Identify a dataset and goal for the project, obtain the data, check and clean it as necessary, and document your goals, your steps, and the relevance of the project to commercial or research application. The dataset must approved by the course instructor. Identify in your documentation whether this is a fresh dataset with no prior analysis, or whether you are extending existing analysis, confirming or refuting parts of that analysis by using data modeling techniques not used in the original analysis. Data cleaning may just be a matter of converting a comma-separated-value (CSV) file into ARFF format and using AddExpression or similar filters to create derived attributes.

Deliverables:

Writing Guidelines

  1. Focus Your Topic. Do not write about your hopes and dreams. Write about the matter at hand. Know who your readers are and write for this intended audience.

  2. Outline. Create the document outline, including headings and perhaps subheadings, to organize the document before you write. In a previous team course each team had a major heading, each team member has a subheading, and each team member should organize that subsection using sub-subheadings. The details of this section-subsection organization varies according to the purpose of the project and assignment.

  3. Establish Context for Your Readers. Warm up your readers. Avoid the common error of launching into low level technical detail in the first paragraph. Readers need to know the overall context of how your proposal or specification fits into the context of the system being proposed. Introduce how your part fits into the whole, and then describe your part in appropriate detail.

  4. Put Some Meat on the Bones. You need to say something concrete. Do not write a proposal, a specification, or a manual that is vague. If you will hand a specification off to someone who will perform the next stage of work, your specification should contain enough concrete information so that the next person will get a clear idea of what to do next. You do not need to get into a level of detail that the readers do not need, and you should never bloat the document with useless verbiage. Strive to be concrete in your writing. Pay attention to minimum page count requirements when I give them.

  5. Illustrate. One picture is worth a thousand words. Capture your key illustrations, then write text that describes the structure and dynamics of the illustrations. Use good illustrations to guide your writing. Use Adobe Illustrator or Google draw to create illustrations that you then import into your Word document.

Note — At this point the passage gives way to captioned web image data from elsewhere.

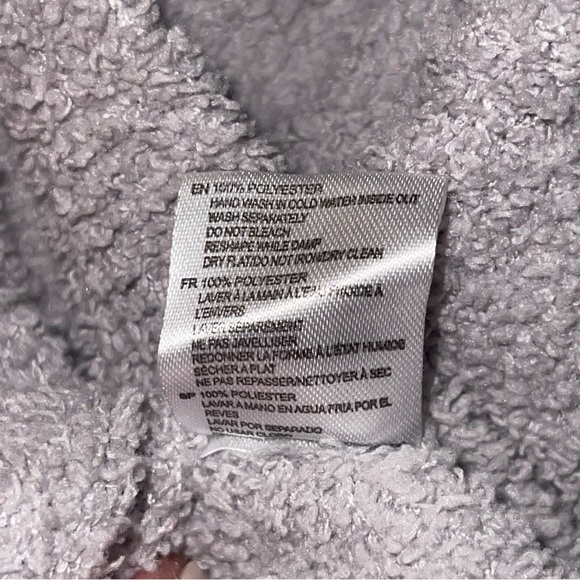 Nordstrom RDI Cozy Fuzzy Mock Neck Zip Pullover Sweatshirt Sweater Grey Medium - Picture 9 of 9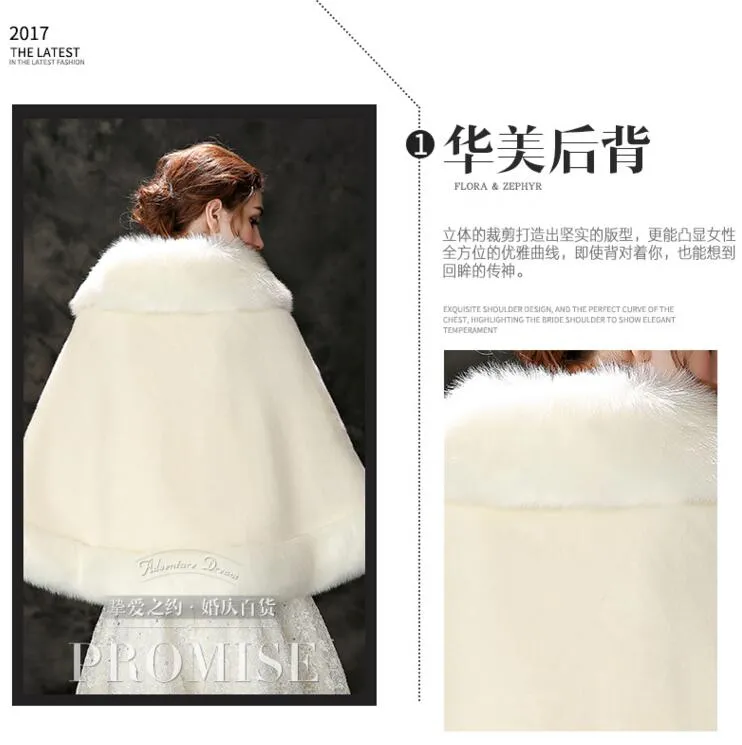 Winter Wedding Cloak Bridal Faux Fur Wraps Warm shawls Outerwear Korean Style Women Jacket Prom Evening Party PDK059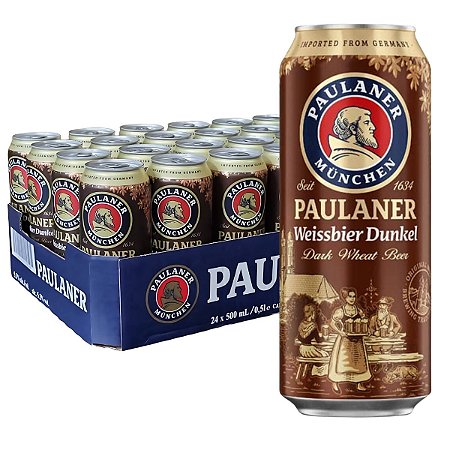 Kit 24 Cervejas Alemã Paulaner Weiss Dunkel Lata 500ML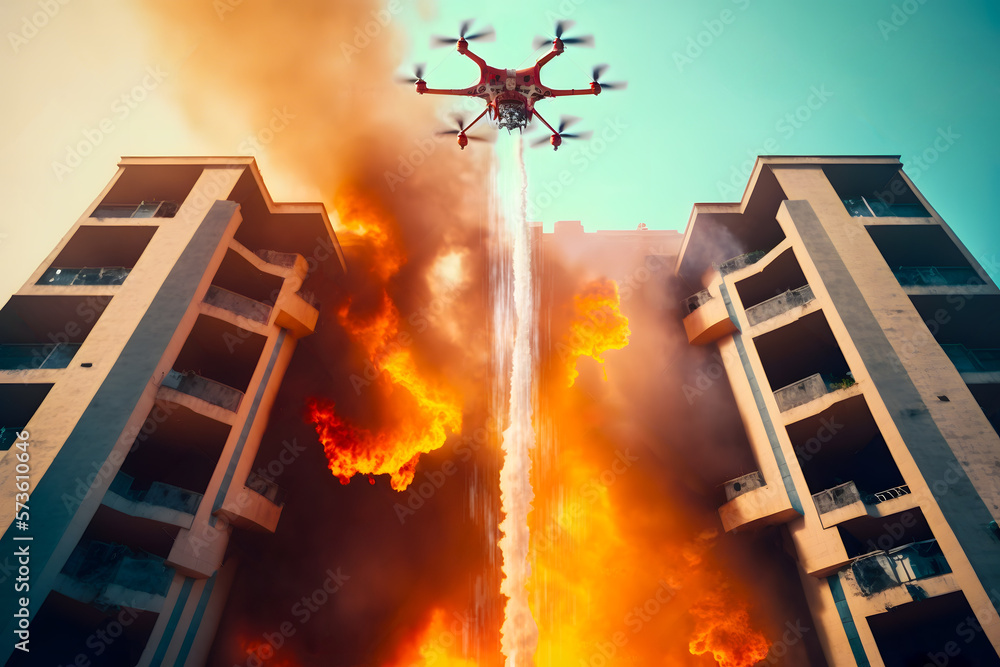 Fire fighting drone flying for extinguish a fire on a residential high ...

  6. Write an initial draft. Over generate the first draft. Get your ideas onto paper, and then tune the focus and presentation. Use complete sentences. A complete sentence contains a subject and a verb at a minimum. Use active sentences. For example, prefer: “The students love the software engineering course.” Do not prefer: “The course was loved (by the students).”

  7. Edit. Use Word comments and change tracking to record suggestions and changes. Do not use long, run-on sentences. Use spell checking and possibly grammar checking before handing a document to someone else. Do not use contractions such as “don’t” in a technical document. Use capitalization consistently. All product names should be in upper case. Supply references, particularly URLs for products. Place them in your text or in footnotes as they fit. Edit down to concise prose.

  8. Use peer review. Ask a peer to review your writing and make suggestions about form or clarifications. In our class we will perform in-team peer review before turning in assignments. Use peer suggestions that you feel are appropriate.